Agent Sassano got a hit on Sandusky on his PACE computer database system and discovered that the former football coach was also supposedly under investigation for a pedophile complaint by Corbett’s heretofore-inactive state trooper, and prosecutor.

To read more visit:

or read a detailed insider’s timeline of the case here:

Penn State/Sandusky prediction: pleas 3 – trials 0

This post represents only the views of its author, and is in the nature of a New Years’ prognostication for 2012, with certain implications on themes that have been discussed on this site.  It was not offered sooner because of the urgency of the Conklin matters, which have been reported about, and will continue to be followed.

The prediction, as suggested in the title, is that Jerry Sandusky, and the two other fellows – Tim Curley, Athletic Director, and Gary Schultz, head of campus police – will make plea agreements to end their cases, and that there will never be another evidentiary hearing or trial related to these matters.   Sandusky can already be convicted on the testimony of McQueary, a couple victims, and Sandusky’s odd public statements – the Costas one alone sealed that fate, and the New York Times one is further relevant for these and other purposes.  Although the charges have not been studied, it is likely that the charges against Curley and Schultz have room for appropriate reduction in the plea bargain process, and that neither of them would face jail time – Barry Bonds recently avoided jail time, and he went to trial. Sandusky will likely have to do some time in jail, but there would appear to be no direct benefit to any of them to take a trial, and huge downsides on many levels – Paterno testifying, Spanier testifying, Courtney testifying, victims being further subjected to the process etc, etc, etc.  There are huge motives on all sides, including Corbett’s, for these matters to be resolved quietly, and that is the prediction  – pleas 3 – trials 0.

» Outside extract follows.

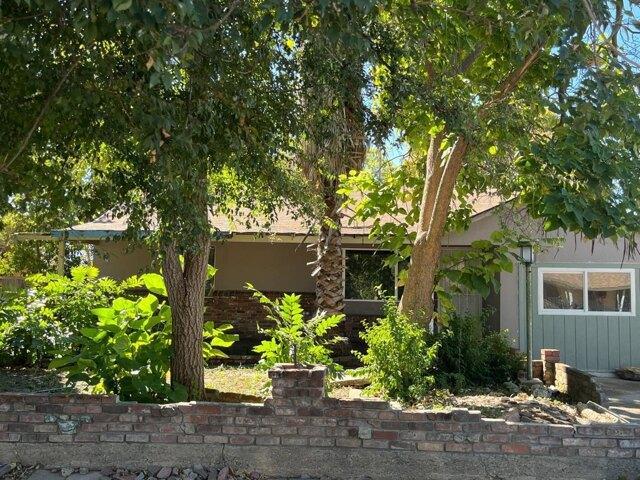 House for sale in Sacramento, California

The prediction is made with the further admittedly aggressive suggestion that the foregoing is, or will be, an engineered result.  Call it a “conspiracy theory” if you must, it certainly would involve one, or call it an effort to urge a look at this case that will do complete justice, but there are themes that have already been discussed generally and specifically herein, including our Penn State/Good old boy’s network article, that are suggested by the circumstances, and, whether or not the prediction proves correct, will continue to be developed.  The prediction is just an opinion, of course, the questions that give rise to it are these:

How and Why was the existence of the grand jury proceeding leaked to the Patriot News in March 2011?

Did whoever leak it know that “victims” may go out and “lawyer-up”, as they say, to seek civil suits for damages?

Did they know that financial motives affect testifying victims’ credibility?

Did they know that some people with financial motives may actually try to concoct stories?

Why did they not know of these other victims through the “investigation”?

How and why did the grand jury indictment wind up in the Patriot News?

How does Marty Carlson get next-day, state-wide coverage of slanderous accusations about Bailey?

Why doesn’t Bailey get access for his response?

Why put Bailey’s picture in the Patriot with an eye-patch he wore for a couple weeks a few years ago when he was having a health problem?

Does the Patriot News have some kind of access to the courts, or vise versa?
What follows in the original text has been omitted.